# Is this building art deco?



## roshdyhu (Sep 22, 2012)




----------



## The Cake On BBQ (May 10, 2010)

No. Looks more like somewhere between brutalism and 70's modernism.


----------



## desertpunk (Oct 12, 2009)

Elements of Streamline Moderne at the corners. Streamline Moderne really grew out of the mid 1930s and went well into the 1950s, even the early 1960s. Some early examples incorporate Art Deco elements but later examples are much more spare and abstract (Morris Lapidus notwithstanding ).


----------



## Jan (Jul 24, 2002)

Looks like something from the 50's. Where I am from it looks like what we call _reconstruction_. Notice how everyone just helped themselves placing new window frames.


----------



## Taller Better (Aug 27, 2005)

roshdyhu, please include a photo credit when you post images. If you have taken the picture yourself, let us know! Thanks.

I'd agree with Jan; it looks '50's to me too with that prominent cornice, the curved moulding details at the bottom of the photo, and the repetition of strong rectangular pattern.


----------



## Phobos (Sep 14, 2003)

It's a transition from Art Déco to Modernism.The symmetry and the top shows a trend stuck to the past more than to Modern Architecture.


----------



## allricjohnson1 (Sep 27, 2012)

Owhh...looking very huge building. i think people should have a look at it. I will surely visit that building.
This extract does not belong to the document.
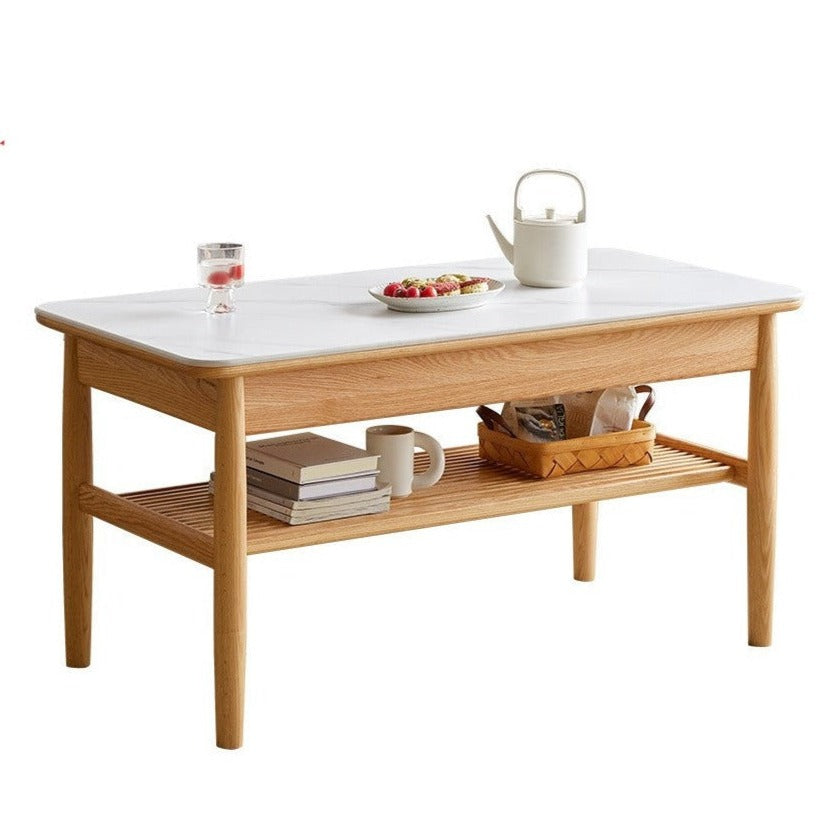 Solid Oak Wood Rocking Coffee Table - Rustic Living Room Furniture for Home Decor, Perfect for Living Room, Lounge, or Patio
Thank you.


----------



## roshdyhu (Sep 22, 2012)

Taller said:


> roshdyhu, please include a photo credit when you post images. If you have taken the picture yourself, let us know! Thanks.
> 
> I'd agree with Jan; it looks '50's to me too with that prominent cornice, the curved moulding details at the bottom of the photo, and the repetition of strong rectangular pattern.


I took the photo myself with my iPhone while driving past it the other day.


----------



## The seventh shape (Jan 11, 2010)

How about this, I've wondered whether this is art deco or has art deco influence. Baiyoke 2, Bangkok:

Hosted on flickr


----------



## ThatOneGuy (Jan 13, 2012)

^^It's a shame to call that ugly thing art-deco. I would just refer to buildings like those as 'postmodernist' and exclude 'art deco' from their titles altogether.


----------